Innanzitutto occorre precisare che le attività di servizi, manifatturiere e di commercio, sono iscritte al Registro Imprese. Il soggetto provvisto di partita IVA e che esercita tali attività, deve comunicare l’inizio attività ed iscriversi presso la Camera di Commercio ed all’INPS.
L’Istituto previdenziale, provvede a calcolare le somme dovute, per cui ne consegue che, all’atto della cessazione dell’attività, sia necessario inviare anche la comunicazione alla gestione INPS.

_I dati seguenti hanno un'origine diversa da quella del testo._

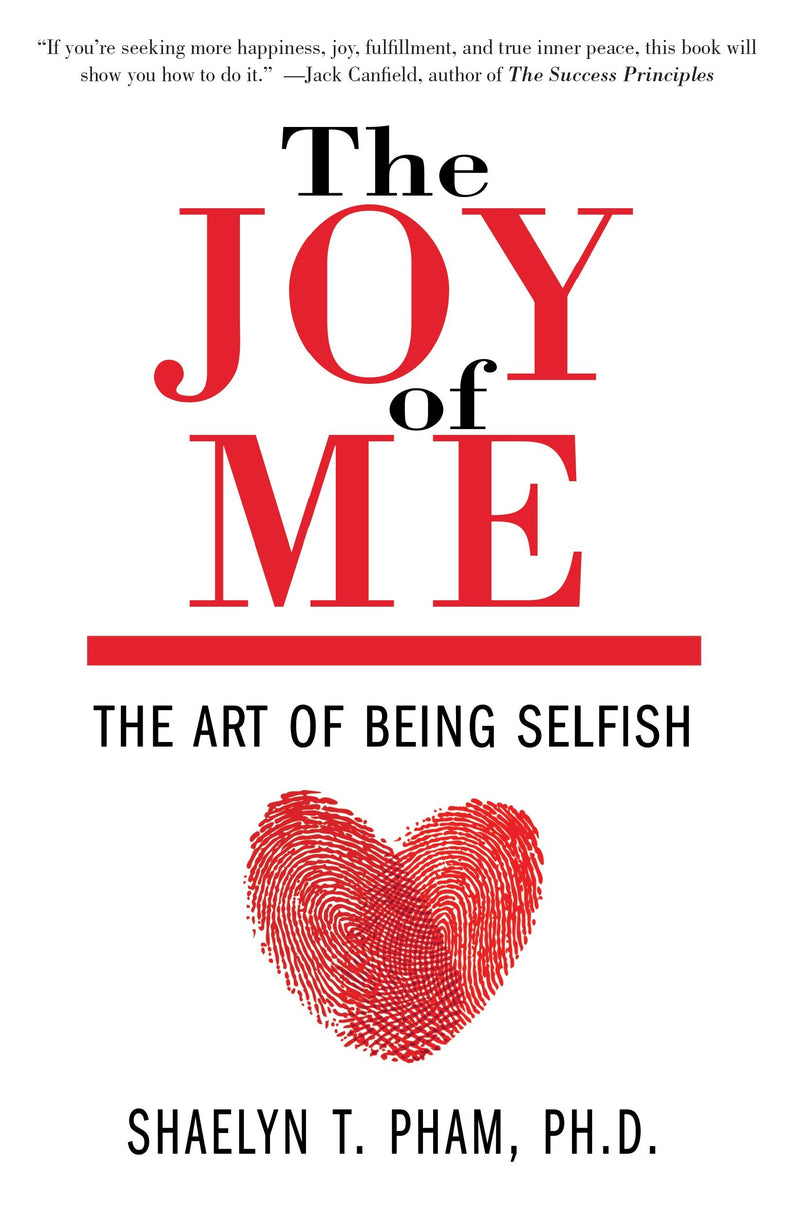 The Joy of Me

Il registro imprese è intermediario tra il contribuente e l’istituto previdenziale per cui nel momento stesso in cui si invia la richiesta di cancellazione alla Camera di Commercio, la stessa inoltra la richiesta anche alla sede INPS.

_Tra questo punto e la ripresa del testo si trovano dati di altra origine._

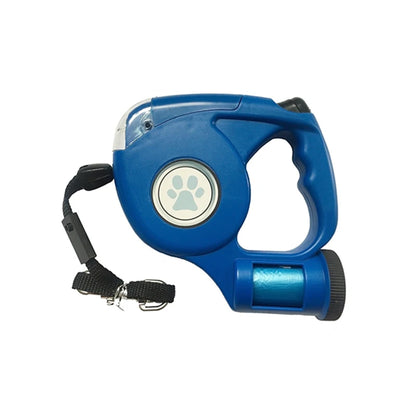 Automatic Pet Leash for Dogs Cats.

Per verificare se sei ancora iscritto al Registro Imprese ti consiglio di richiedere la visura camerale nella quale sono presenti i dati dell’attività e del soggetto che la esercita.

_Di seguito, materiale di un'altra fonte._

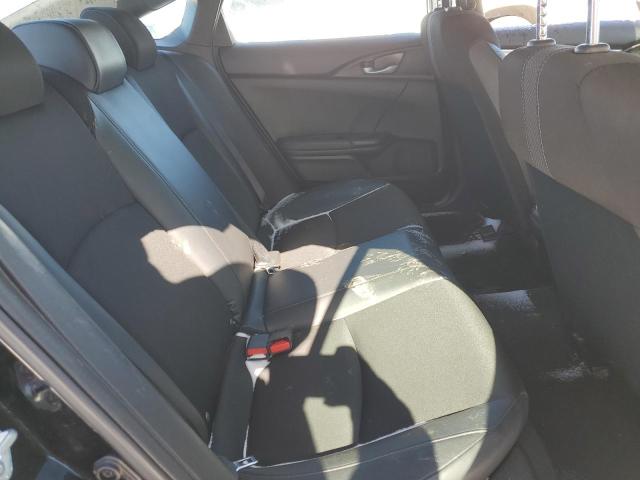 19XFC2F85ME201495 - 2021 HONDA CIVIC SPORT 黑色 照片 10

Posizione INPS – Mancata comunicazione
E’ frequente il caso in cui il contribuente chiuda la posizione IVA ma non provveda a richiedere la cancellazione al Registro Imprese; come conseguenza si vede recapitare degli avvisi INPS per mancato pagamento dei contributi.
Colui che si trova nella situazione descritta, deve inviare una pratica di cancellazione “tardiva”. Questo permette sia di ottemperare alla normativa, ma soprattutto di evitare la richiesta di contributi INPS non dovuti.
Da precisare che la comunicazione in ritardo richiede anche il pagamento di una sanzione amministrativa pari a 20,00 Euro. L’INPS ricevua la comunicazione di chiusura retroattiva, inizierà l’istruttoria della pratica e cancellerà la posizione alla data indicata.
Nella mia esperienza ho avuto anche modo di riscontrare il caso in cui il contribuente paga dei contributi non dovuti, In questo caso è possibile inoltrare la richiesta del rimborso direttamente all’INPS che provvederà a restituire l’importo eccedente.
Chiudere partita IVA – INAIL e Artigiani
Alcune attività più rischiose tra le quali quelle artigiane, esiste anche l’obbligo di iscrizione all’assicurazione obbligatoria INAIL.
Nel caso in esame occorre inviare all’Istituto la dichiarazione di cessazione attività poichè non avviene in automatico come per l’INPS. La cancellazione dall’Assicurazione obbligatoria si può fare esclusivamente inviando una pratica telematica in cui si inseriscono la data di cessazione ed il codice ditta rilasciati dall’Istituto in sede di iscrizione.
Se non conosci i dati associati alla tua attività è possibile richiederli all’Istituto e cessare la posizione INAIL attraverso una delega al professionista.